BaTiO3 (BT) has been extensively studied and applied to capacitor applications for many years due to its good dielectric properties [1], which makes it become the materials to replace the lead-based ceramics. Nevertheless, pure BT ceramics have three phase transitions at 125 °C (from a tetragonal phase to a cubic phase), 0 °C (from an orthorhombic to a tetragonal phase), and −90 °C (from a rhombohedral to an orthorhombic) [10], leading to the anomaly of the three dielectric, which limits their further applications in the electronic information industry. In order to enhance the thermal stabilities of BaTiO3 ceramics, one of effective methods is formatting solid solutions with other perovskite compounds. Tinberg et al. reported that BiMeO3 (Me = Mg0.5Ti0.5, Ni0.5Ti0.5, Mg0.5Zr0.5, etc) could form solid solutions with BaTiO3, which improves the thermal stability of materials [11,12,13,14]. In our previous works, good temperature-stable dielectric behavior was obtained in BaTiO3–Bi(Li1/3Zr2/3)O3 ceramics, which is extremely attractive for MLCCs of EIA (Electronic Industries Association) X7R (the change of the capacitance is ≤15% in the temperature range from −55 to 125 °C). With the application of electronic devices in harsh environment [15, 16], EIA X7R specification cannot meet the demands. Therefore, it is important to investigate and develop high-performance BaTiO3-based perovskite materials with high and stable permittivity to satisfy the requirement of EIA X8R which is specified at −55 to 150 °C characteristics. On the basis of previous work, we can know that Nb and Zn co-substitution for Ti at B-site can well improve the property of BT [17]. And good temperature-stable dielectric behavior was obtained in BaTiO3–Bi(Li1/3Ti2/3)O3 [18]. So it could be expected that BaTiO3–Bi(Li0.5Nb0.5)O3 can also display excellent dielectric performance. Therefore, BaTiO3–Bi(Li0.5Nb0.5)O3 solid solution was designed and prepared by the solid state reaction method. Furthermore, the phase evolution, microstructure and dielectric properties of ceramics were also investigated.

2 Experimental

(1 − x)BaTiO3xBi(Li0.5Nb0.5)O3 [(1 − x)BT–xBLN, 0 ≤ x ≤ 0.1] ceramic samples were prepared by the solid state reaction process using the starting materials of BaCO3 (99%), TiO2 (99%), Li2CO3 (98%), Bi2O3 (99%) and Nb2O5 (99%). Stoichiometric proportions of BT and BLN were weighed and milled in alcohol medium using zirconia balls for 4 h. After drying, the powders were calcined at 1100 and 650 °C for 4 h in air, respectively. Then, (1 − x)BT–xBLN(0 ≤ x ≤ 0.1) compositions were weighed and milled in alcohol medium using zirconia balls for 4 h. After drying, the powders were mixed with 5% polyvinyl alcohol (PVA) and pressed into pellets with 12 mm in diameter and 1.2 mm in thickness by uniaxial pressing at a pressure of 200 MPa. The pellets were embedded with the same calcined powders to avoid elements volatilization and sintered at different temperatures for 2 h in air (1280–1380 °C), depending on the content of BLN.

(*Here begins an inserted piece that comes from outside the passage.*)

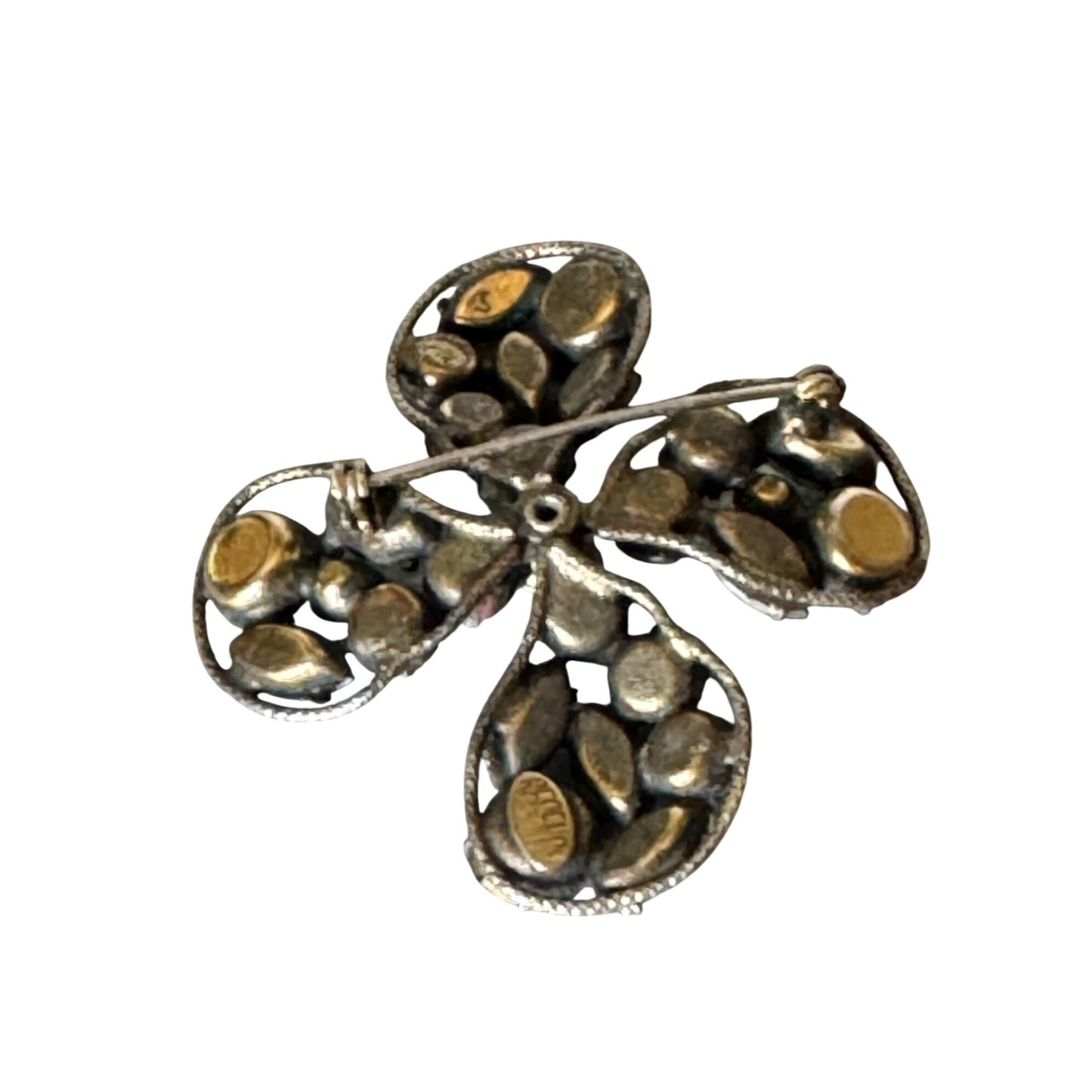 Vintage Regency Designer Signed Rhinestone Clover Brooch Green & Blue 2" Pin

X-ray diffraction (XRD) patterns were recorded at room temperature using an X-ray diffractometer (XRD, Model X’Pert PRO; PANal ytical, Almelo, the Netherland) with CuKα radiation (λ = 0.15406 nm) operated at 40 kV and 40 mA with a step size of 0.02°. The phase analysis for the XRD data was performed by PanAlytical software (X’PertHighscore Plus). Raman spectroscopy was carried out on a Thermo Fisher Scientific DXR using a 10 mW laser with a wave length of 532 nm. The microstructural observation of the sintered samples was performed using a scanning electron microscopy (Model JSM6380-LV SEM, JEOL, Tokyo, Japan). Silver electrodes were coated on both sides of the pellets, and then fired at 650 °C for 30 min. Dielectric properties were measured with an applied voltage of 500 mV over 100 Hz–1MHz from room temperature to 400 °C using a precision impedance analyzer (Model 4294 A, Hewlett–Packard Co, Palo Alto, CA) at a heating rate of 3 °C min−1.

3 Results and discussion

Figure 1a shows the X-ray diffraction patterns of (1 − x)BaTiO3xBi(Li0.5Nb0.5)O3 ceramics sintered at their optimized temperatures. All the samples exhibited a pure perovskite structure without any trace of impurity phase, suggesting that BLN has diffused into the BT lattices to form a homogenous perovskite solid solution with Bi3+ entering the Ba2+ sites and (Li0.5Nb0.5)3+ occupying the Ti4+ sites. Figure 1b illustrates the enlarged XRD pattern of angles ranging from 44° to 46° for (1 − x) BaTiO3xBi(Li0.5Nb0.5)O3 ceramics. With increasing x values from 0 to 0.02, the (002) and (200) peaks merged into a single (200) peak, showing a transformation from tetragonal phase to pseudocubic symmetry. The (022) peak near 45° tends distinctly toward lower diffraction angles with further increasing the x values, indicating the enlargement of lattices. In BaTiO3–Bi(Li0.5Nb0.5)O3 system, the Bi3+(1.03 Å ≤ r ≤ 1.61 Å) is little smaller than Ba2+(1.35 Å in 12-fold coordination) in the A-site [19, 20], but the radius of Li+ (0.76 Å) and Nb5+ (0.64 Å) are considerably larger than Ti4+ (0.605 Å in sixfold coordination) in the B-site [21], indicating that the substitution of B-site was the main factor to cause the increase of the lattice parameters.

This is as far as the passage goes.